RE: charset from Harley Rosnow on 2008-04-10 (public-html-comments@w3.org from April 2008)

From: Harley Rosnow <Harley.Rosnow@microsoft.com>
Date: Thu, 10 Apr 2008 15:47:07 -0700
To: "rick.denhaan@gmail.com" <rick.denhaan@gmail.com>, "public-html-comments@w3.org" <public-html-comments@w3.org>
Message-ID: <7AD436E4270DD54A94238001769C2227011DAFFE3F23@DF-GRTDANE-MSG.exchange.corp.micro>
Hi Rick,

Let me start by saying that I'm not Microsoft's representative on the WG, so please don't take my statements as the WG's official response nor Microsoft's official position on these issues.  These are my own opinions based on my experience.  With that out of the way, let's talk.

Clearly the best solution is to use UTF8 and indicate that fact with a BOM at the start of the document.  It can represent all characters and the BOM obviates the need for scanning since it's at the very start of the file.  Also, the presence of an HTTP header with the encoding has the same impact on efficiency because it's available before the document content.

That said, if you do need to include text from languages which cannot be represented in the encoding of the document, there's an existing solution already in HTML 5.0: character entity references: http://www.w3.org/TR/html5/#character.  The cool thing about these is that they open up the entire UNICODE repertoire to documents in any encoding.  The uncool thing is that they use a larger number of bytes to represent each character.  If the scenario is true multilingual text and a compact representation is a requirement, then a UNICODE encoding is the way to go and UTF-8 is the best choice given the prevalence of ASCII characters in HTML markup, CSS and script.

One problem with the proposal below is that we can't reliably scan the entire document at the start.  The document is downloaded off the network in buffers and we need to be able to push those buffers as far through the pipeline as possible as they arrive.

Your concern about the allocation, copying, freeing and handling of buffers is well considered.  That's probably going to determine a lot of the performance and complexity of such a proposal.

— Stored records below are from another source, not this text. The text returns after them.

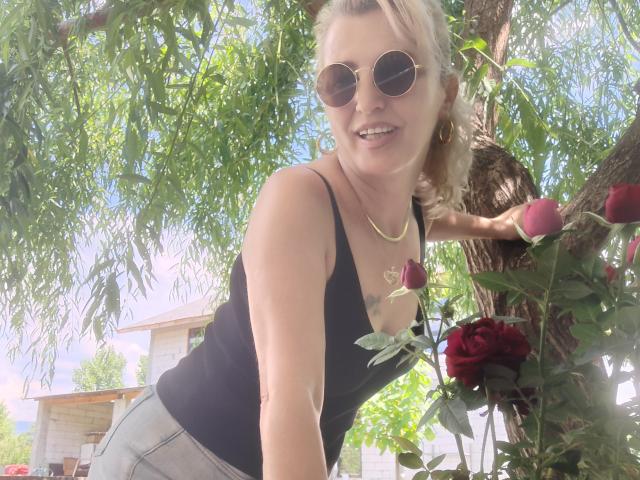 SexyCoco with blonde hair, wearing round sunglasses, black tank top, grey pants, gold necklace, leaning on tree, rose in hand, smiling, sunny outdoor setting, tree branches in background.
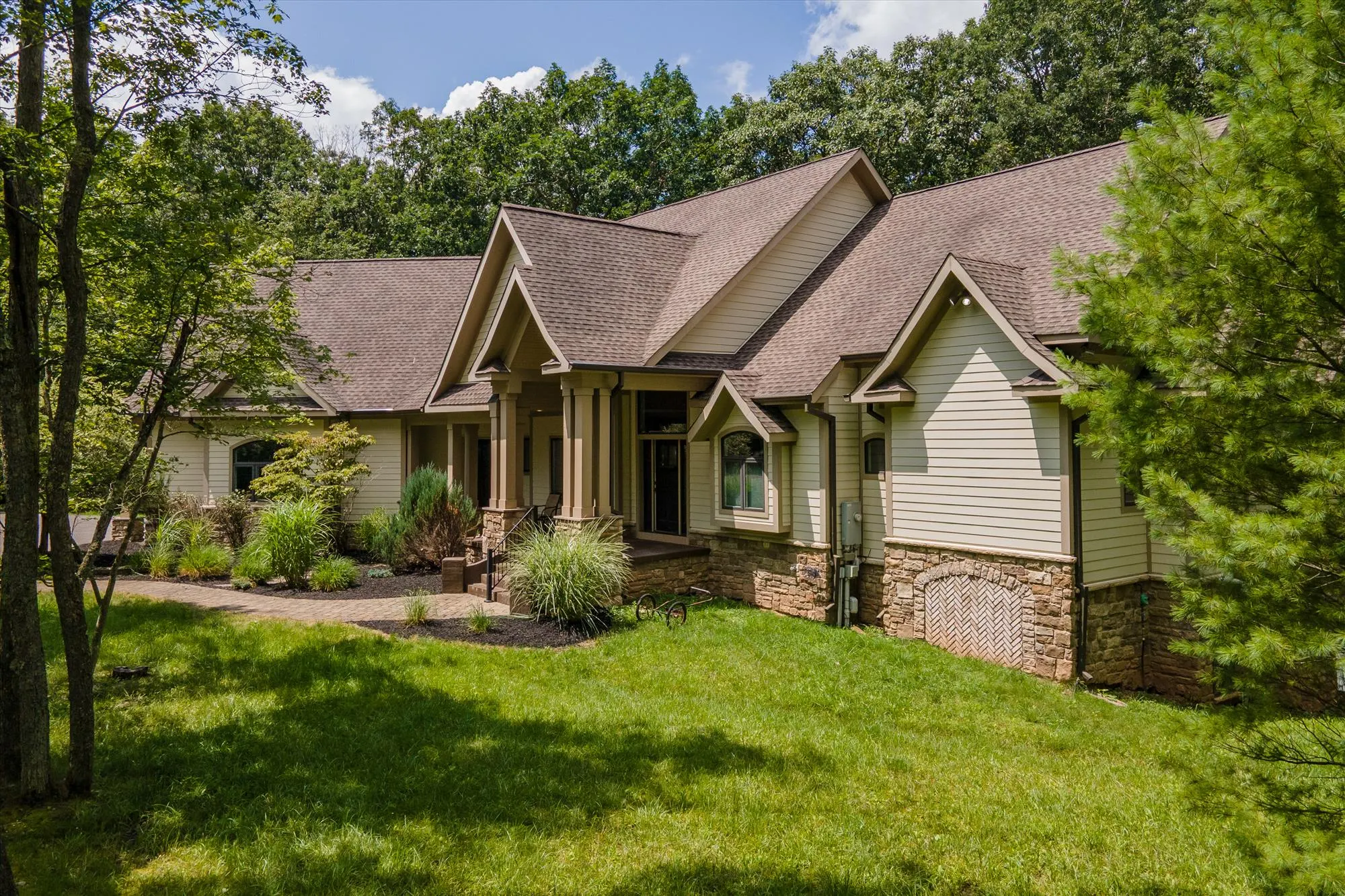 Woodland Chalet exterior with driveway approach through mature forest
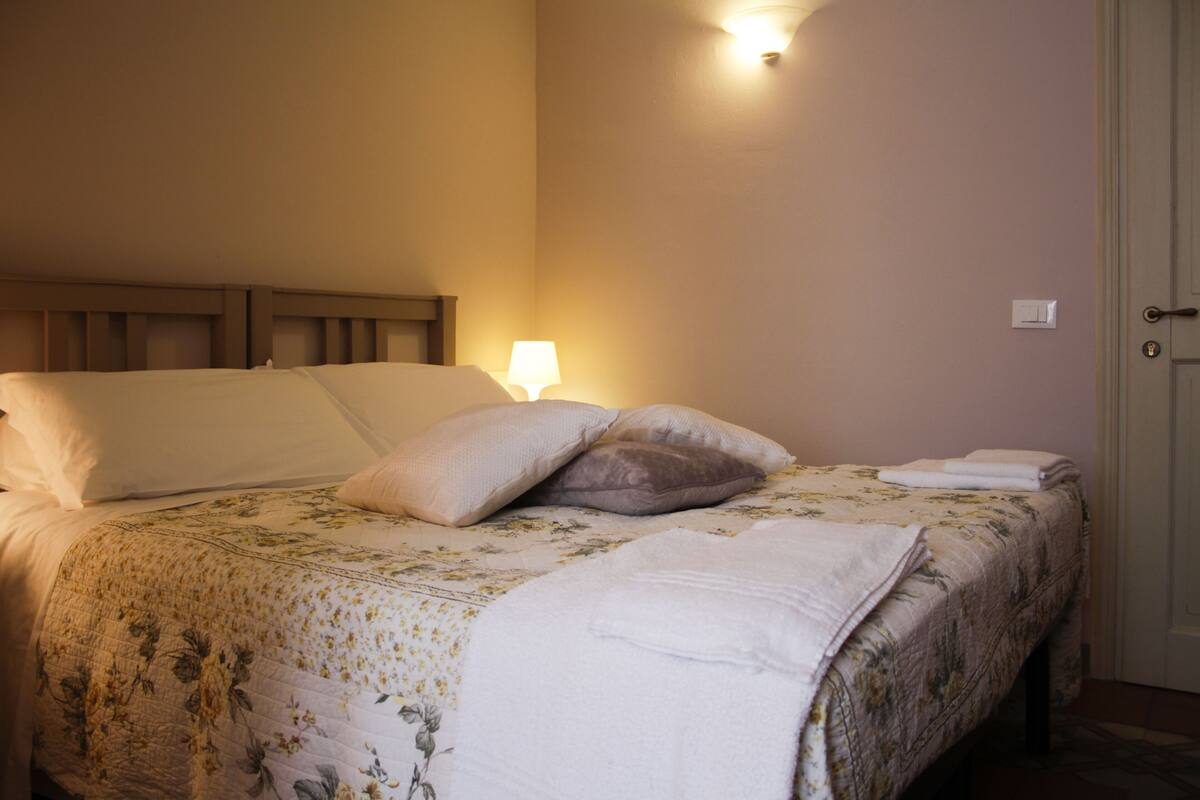 Una cama bien hecha con una colcha estampada y almohadones, una lámpara de noche y una puerta a la derecha.
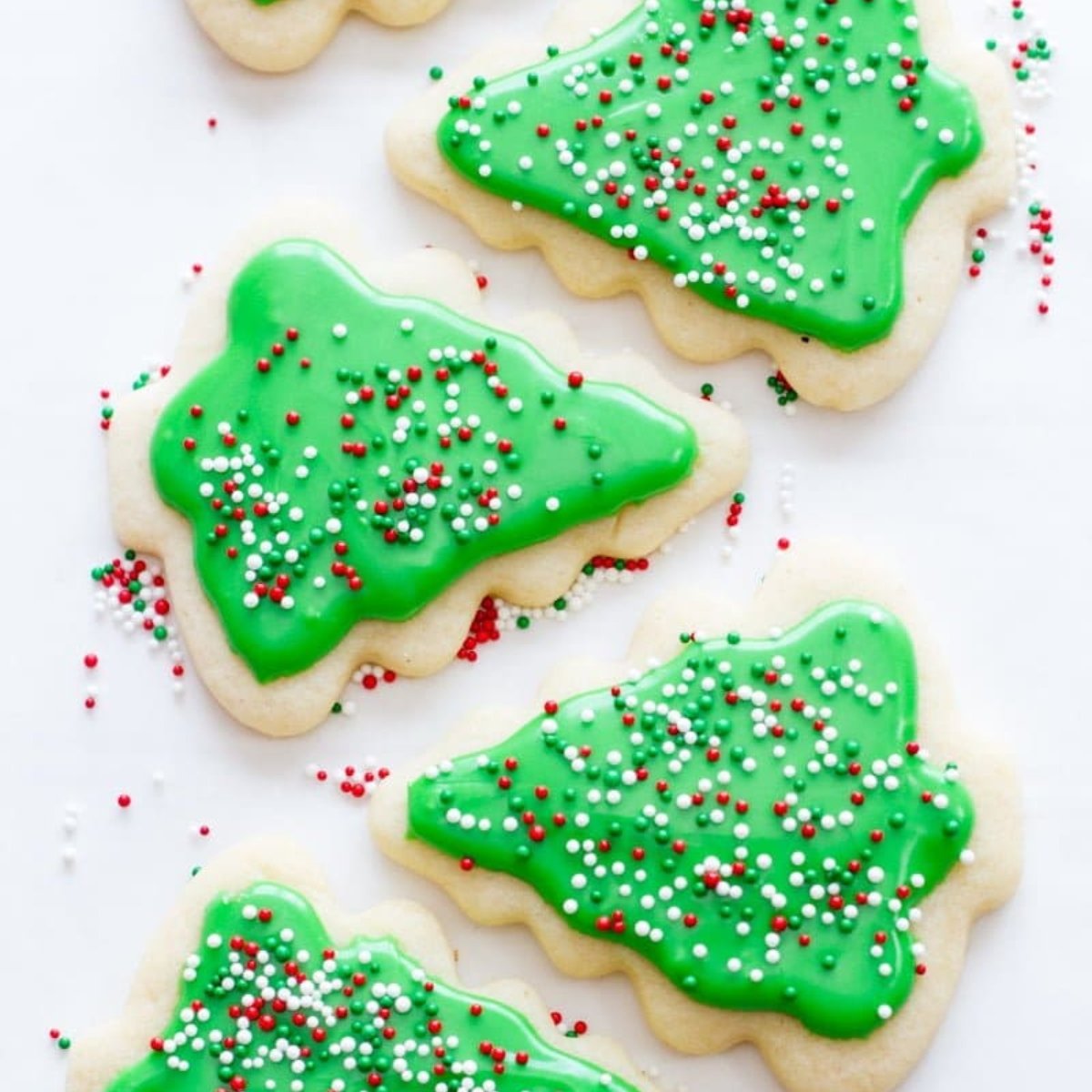 A line of cut-out cookies decorated to look like Christmas trees.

But, what really makes this proposal undesirable to me is that it adds unnecessary complexity to the standard.  We have UTF-8.  It's also vulnerable to cross-site scripting (XSS) attacks because parts of the document can have their encoding switched mid-stream through the injection of markup.  As any of the authors of server-side XSS filters can attest, we need to keep the logic to decode our files as simple and deterministic as possible.

Thanks,

Harley Rosnow
Internet Explorer Development
Microsoft Corporation

-----Original Message-----
From: Rick den Haan [mailto:rick.denhaan@gmail.com]
Sent: Thursday, April 10, 2008 1:38 AM
To: Harley Rosnow; public-html-comments@w3.org
Subject: RE: charset

NOTE: I'm not a WG member, so this is most definitely not an official
response.

Harley Rosnow wrote:
> Servers that compose files together need make their encoding
> consistent in the rendered composite file.  The same holds true
> for composition which occurs on the client.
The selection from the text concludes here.